NATO’s Strike Force South, which includes the U.S. Navy carrier Enterprise, was ordered from the Aegean Sea into the Adriatic, closer to Yugoslavia. A second alliance naval force will be deployed to Brindisi, Italy.

“Even the most moderate option available to Gen. Clark would cause enormous damage for Yugoslavia,” a Western diplomat based at NATO said.

The alliance has come under withering attack in the European press for not acting immediately to punish Milosevic and his military after the Racak massacre. But NATO officials say they must take into account the safety of the more than 700 unarmed observers sent into Kosovo by the Organization for Security and Cooperation in Europe.
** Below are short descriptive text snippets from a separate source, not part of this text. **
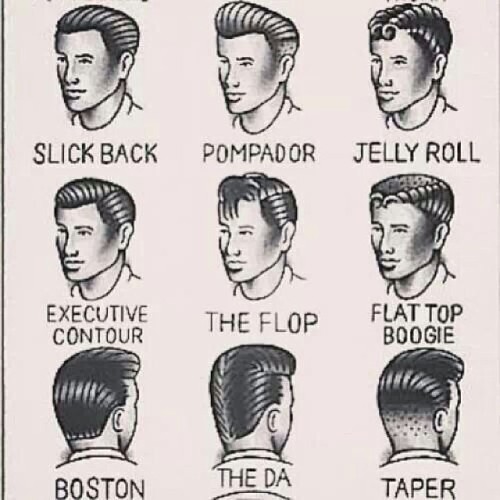 Men’s Rockabilly hairstyles! #missruthstimebomb #rockabilly # ...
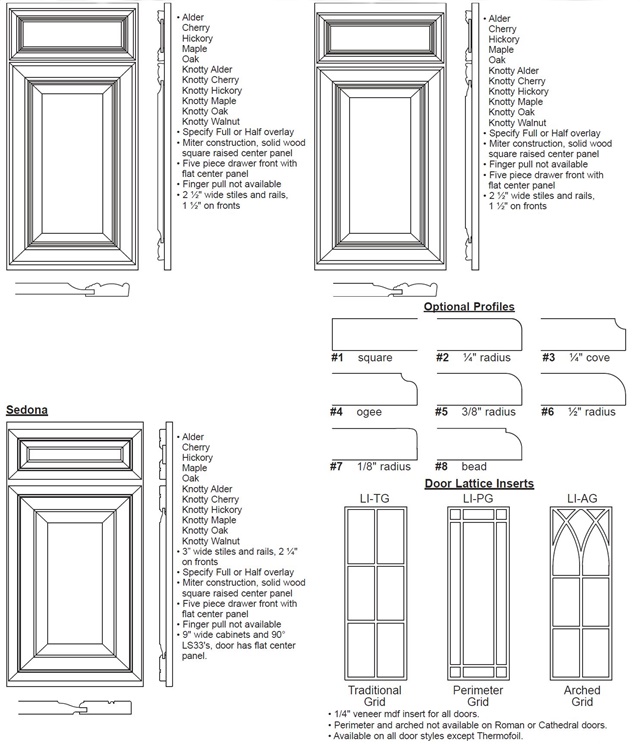 Crown Door Specs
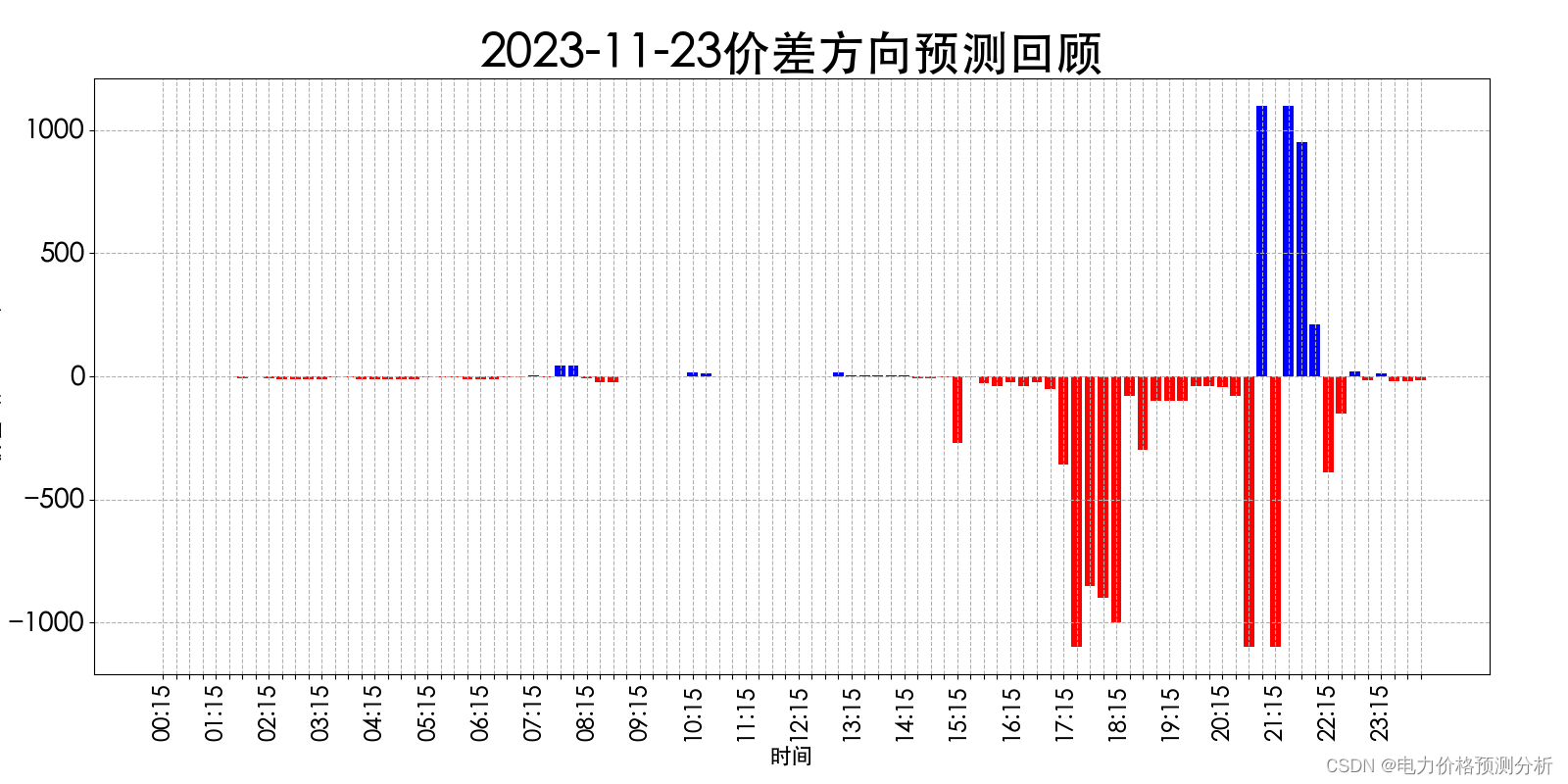 山西电力市场日前价格预测【2023-11-25】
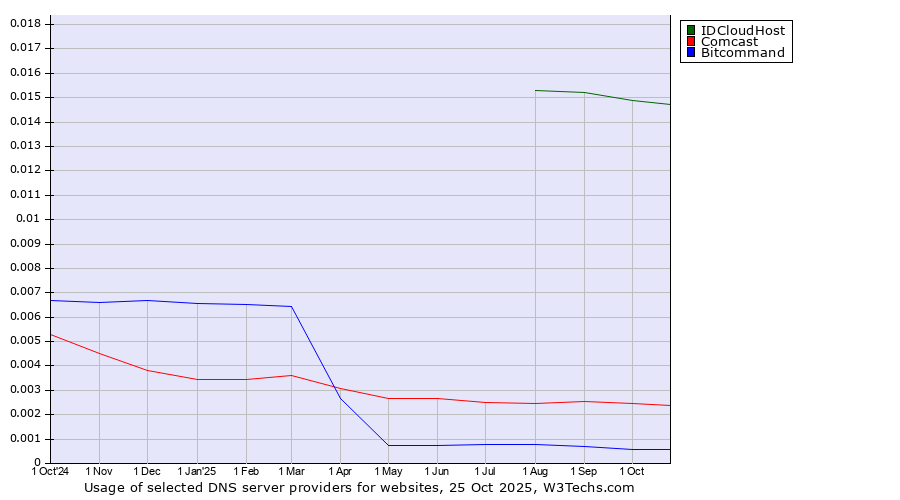 Historical trends in the usage of IDCloudHost vs. Comcast vs. Bitcommand
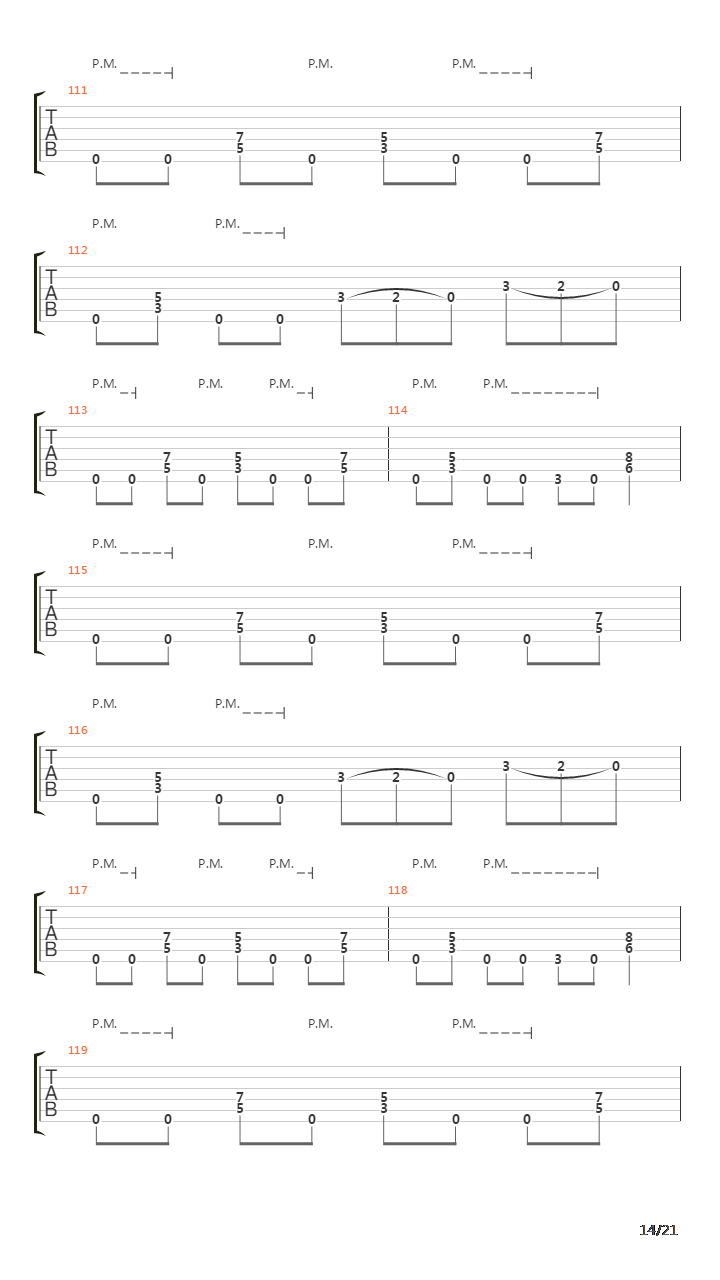 Uniformity Is Conformity吉他谱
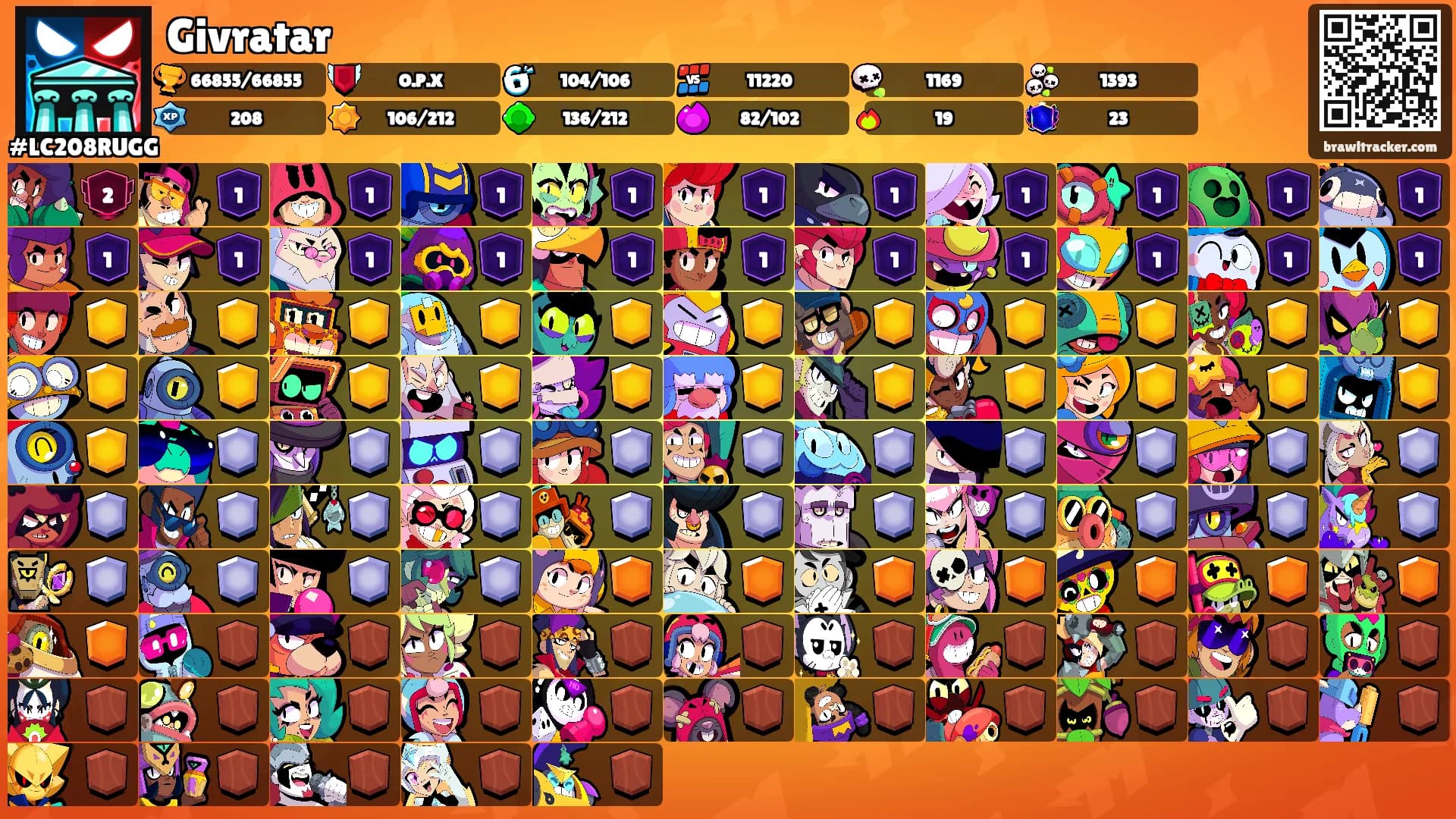 Givratar's Ranks
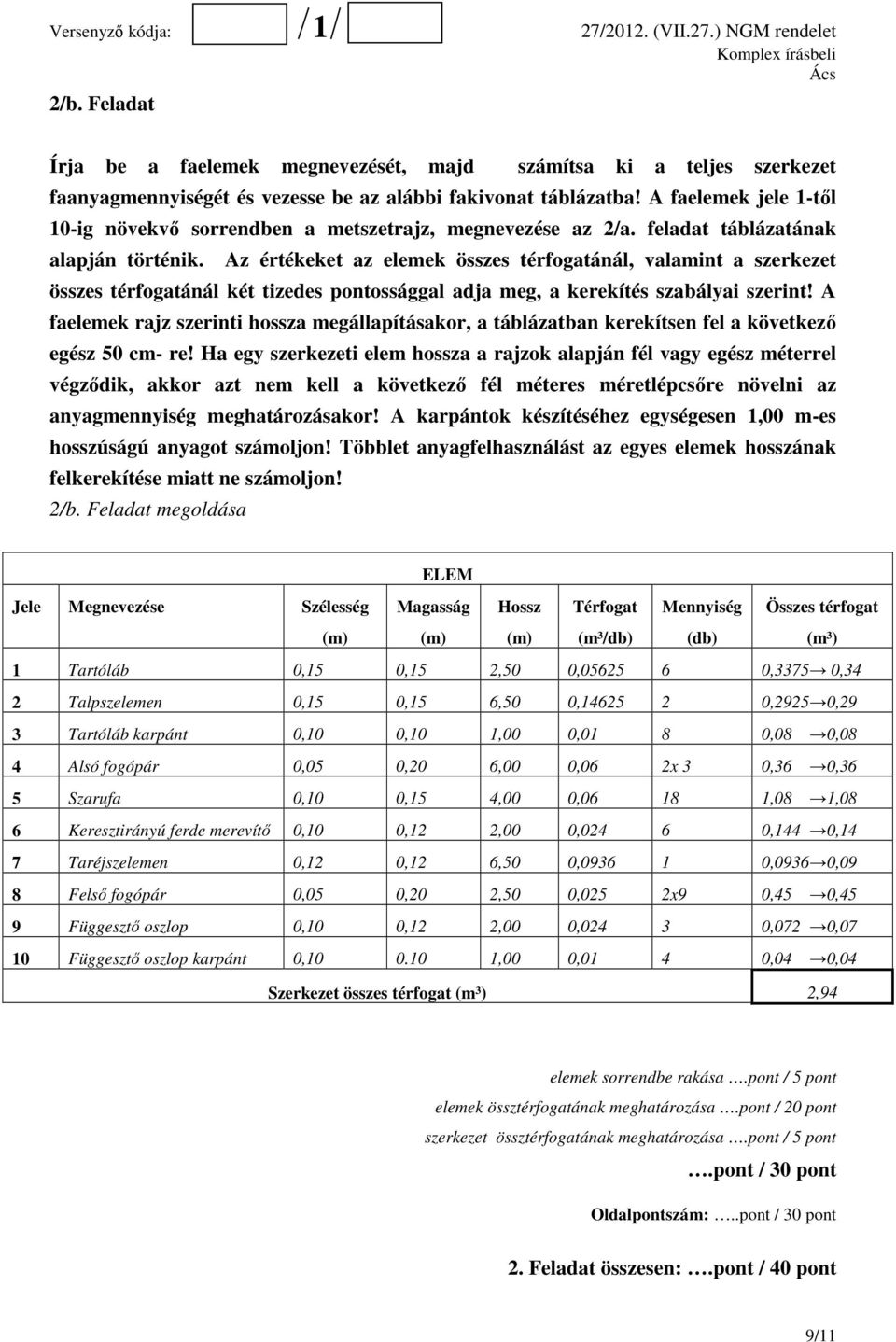 Az értékeket az elemek összes térfogatánál, valamint a szerkezet összes térfogatánál két tizedes pontossággal adja meg, a kerekítés szabályai szerint!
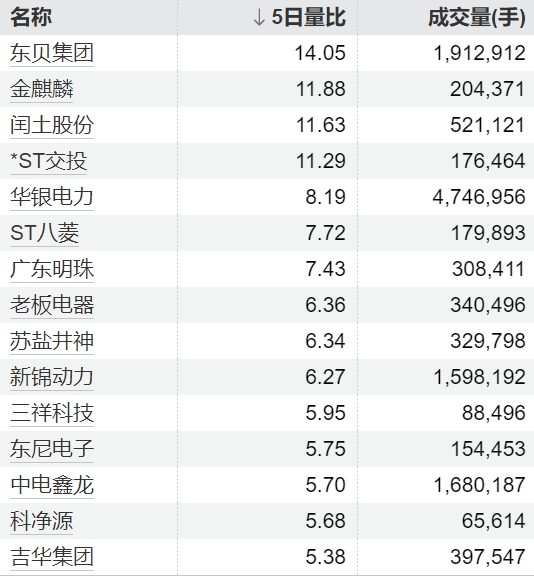 炒股配资查询 青岛啤酒：拟收购即墨黄酒100%股权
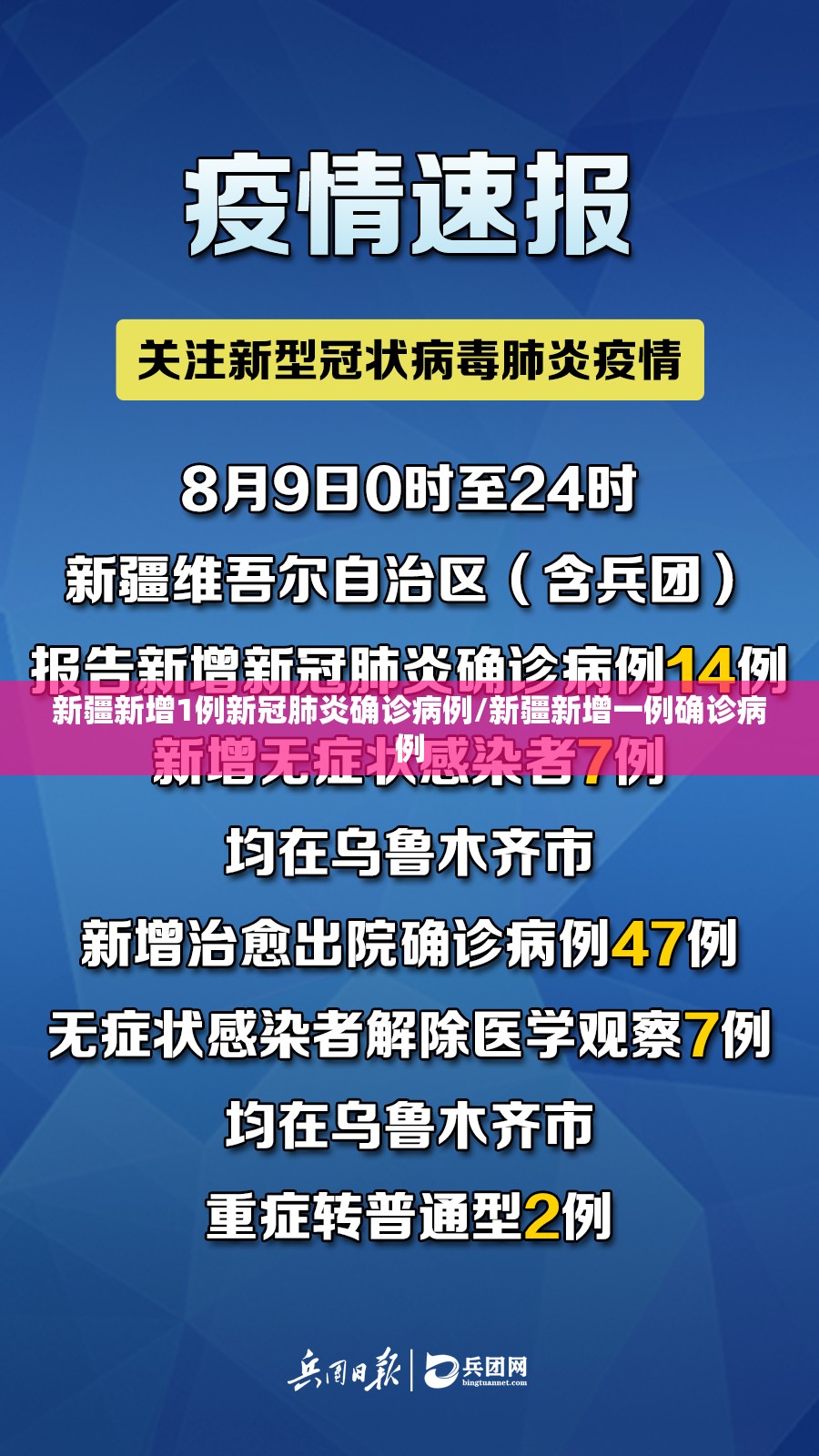 新疆新增1例新冠肺炎确诊病例/新疆新增一例确诊病例 新疆新增1例新冠肺炎确诊病例/新疆新增一例确诊病例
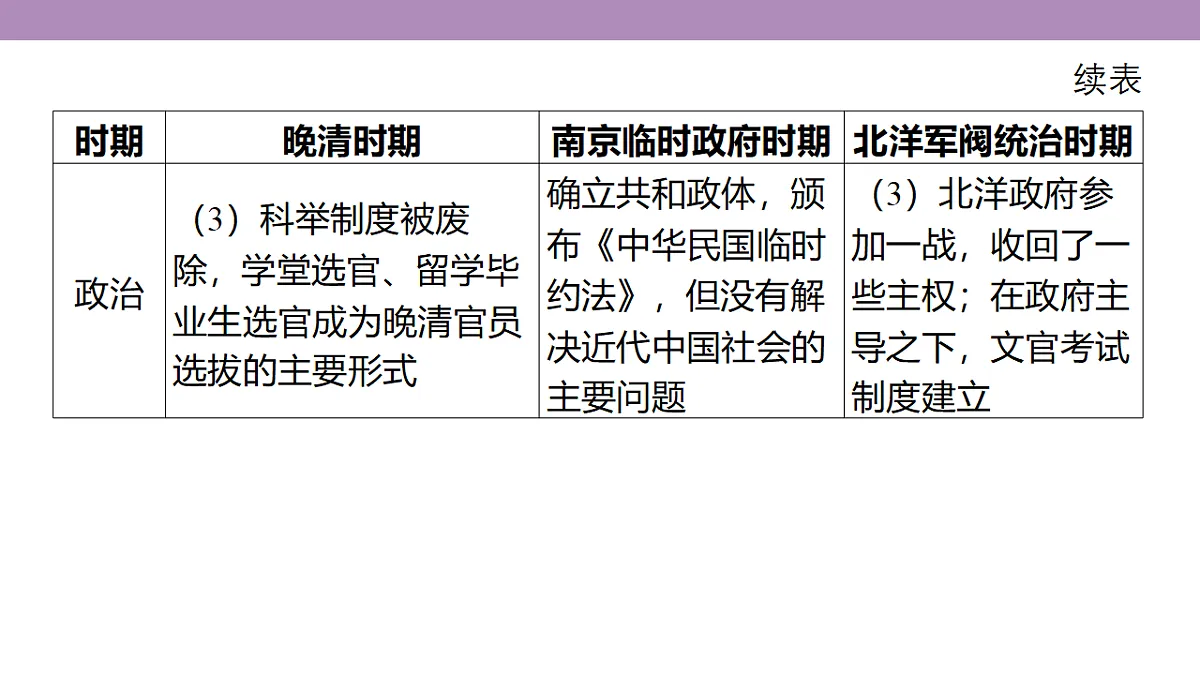 18306692第7页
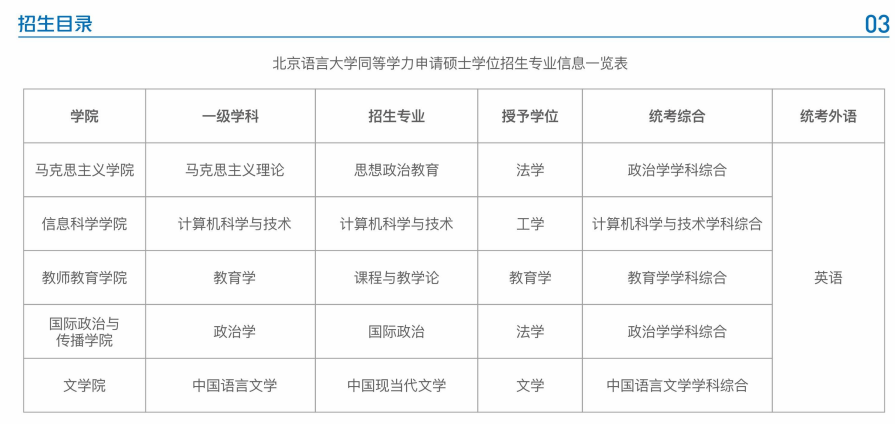 北京语言大学同等学力申请硕士学位招生简章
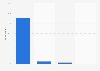 Germany: device used for online purchase 2015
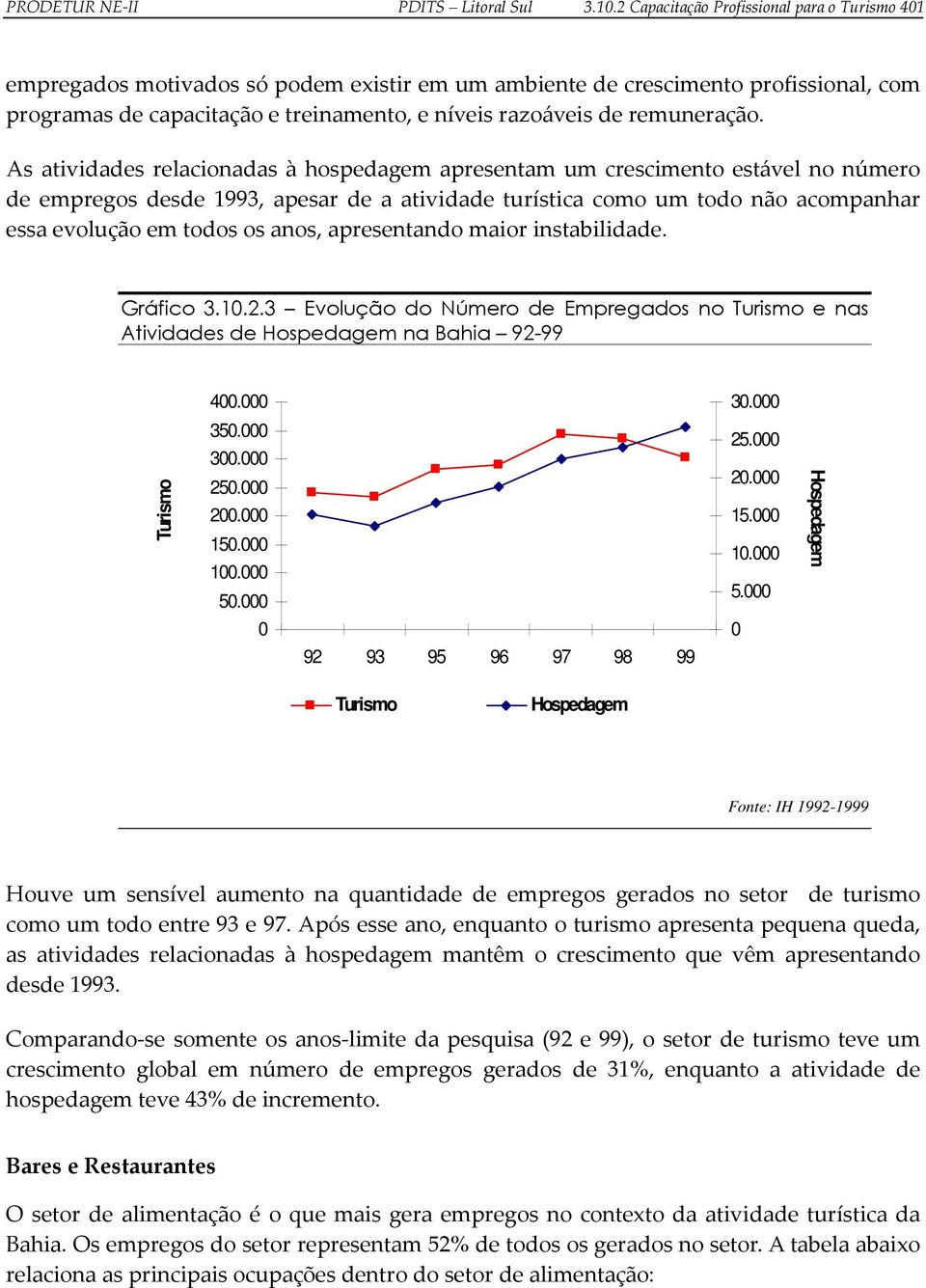 remuneração.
On Wednesday, they also demanded that Yugoslavia reverse itself and allow Louise Arbour, chief prosecutor at the special war crimes tribunal in The Hague, to conduct an investigation in Kosovo so that those responsible for the killings could be identified with greater certainty.

Sending the OSCE monitors to Kosovo was meant to ensure that Milosevic’s verbal pledges to Holbrooke were kept, but officials at NATO headquarters are now worried, in the words of one, that the observers might be “rounded up” to serve as hostages.

Yugoslavia’s government ordered the American leader of the group, William Walker, to leave the country after he denounced the Racak killings as the work of Serbian security forces. However, Milosevic has insisted that he wants to cooperate with the remaining OSCE personnel.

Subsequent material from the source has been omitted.